Las mazmorras del S. I . M. eran cárceles disimuladas en el interior, a veces, de mansiones palaciegas rodeadas de verjas y pobladas de jardines. El pueblo español llamaba «chekas» a toda clase de prisiones secretas. En los primeros tiempos las chekas del S. I. M. eran tenebrosas, instaladas en antiguas casas y en conventos. El régimen de tortura que en ellas se aplicaba era el clásico procedimiento brutal: palizas con vergajos de caucho seguidas de duchas muy frías, simulacros de fusilamientos y otros tormentos. dolorosos y sangrientos. Los «consejeros rusos» modernizaron esta vieja técnica. Las nuevas celdas eran más reducidas, pintadas con colores muy vivos y pavimentadas con aristas de ladrillos muy salientes. Los detenidos tenían que permanecer de pie continuamente bajo una potente iluminación roja o verde. Otras celdas eran estrechos sepulcros de suelo desnivelado, en declive. Tenerse de pie implicaba una tensión completa de nervios y músculos. En otras reinaba una oscuridad absoluta y oíanse en ellas sonidos metálicos que hacían vibrar el cerebro.

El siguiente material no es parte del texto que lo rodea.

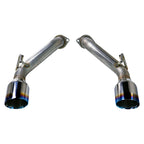 Remark Axle-Back Burnt Stainless Double Wall Tip - Nissan Z RZ34 23+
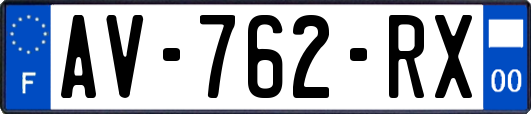 AV-762-RX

Los interrogatorios tenían lugar en salones decorados casi artísticamente. Los esbirros preguntaban pausada o atropelladamente, con mansedumbre, con autoridad o con sarcasmo, alternativamente, durante la misma sesión, según el efecto que deseaban. Contrastes tan estudiados desplomaban moral y materialmente a la víctima. Los recalcitrantes eran encerrados en la «cámara frigorífica» o en la «caja de los ruidos», o atados a la «silla eléctrica». La primera era una celda de dos metros de altura en forma redondeada. Al preso se le sumergía allí en agua helada horas y horas, hasta que tuviese a bien declarar lo que se deseaba. La «caja de los ruidos» era una especie de armario, dentro del cual se oía una batahola aterradora de timbres y campanas. La «silla eléctrica» variaba de la empleada en las penitenciarías norteamericanas en que no mataba físicamente.

Estos suplicios nada tienen de originales una vez conocidos los empleados. por la Gestapo alemana, la N. K. V. D. en la U. R. S. S. y en el campo contrario en todos los tiempos. Pero entonces, hay que confesarlo, representaban una novedad poco corriente en las técnicas de la represión policíaca.

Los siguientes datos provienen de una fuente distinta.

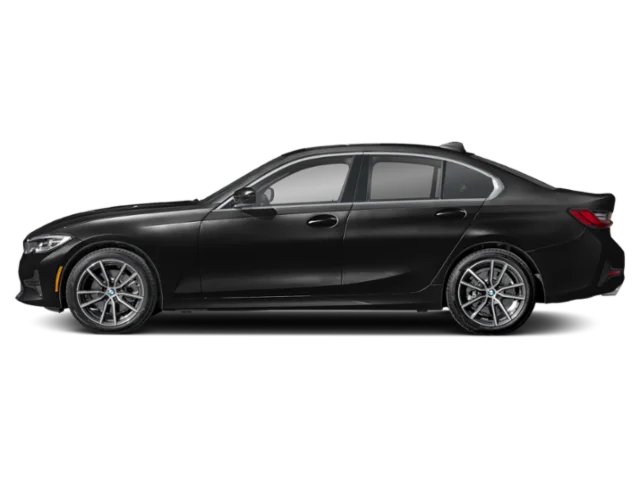 Used 2022 Black BMW 330i xDrive image 3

Digamos para terminar con este penoso y vergonzoso relato, que el S. I. M. tenía sus propios campos de concentración. Mejor diríamos que los campos de trabajo creados por García Oliver, el ministro anarquista de Justicia, para la redención de presos fascistas y comunes (no se había previsto entonces otra clase de población penal) cayeron fatalmente en poder del S. I. M. En estos campos el régimen penitenciario era de lo más brutal. Comida escasa y deficiente. Trabajo, más que forzado, agotador. Los internados no podían recibir visitantes del exterior. Contra posibles evasiones, o en previsión de las que se habían producido, se agrupaba a los presos en número de cinco. Si uno se fugaba, la responsabilidad recaía en los cuatro restantes. El castigo era el fusilamiento. De esta manera el preso era el mejor guardián del preso. Estas represalias se aplicaban a todos los presos sin distinción de su calidad política. Lo mismo a los fascistas que a los presos del P. O. U. M. o de la C. N. T. Fascistas y antifascistas se hallaban confundidos en dichos campos. Para el S. I. M. todos sus presos eran fascistas.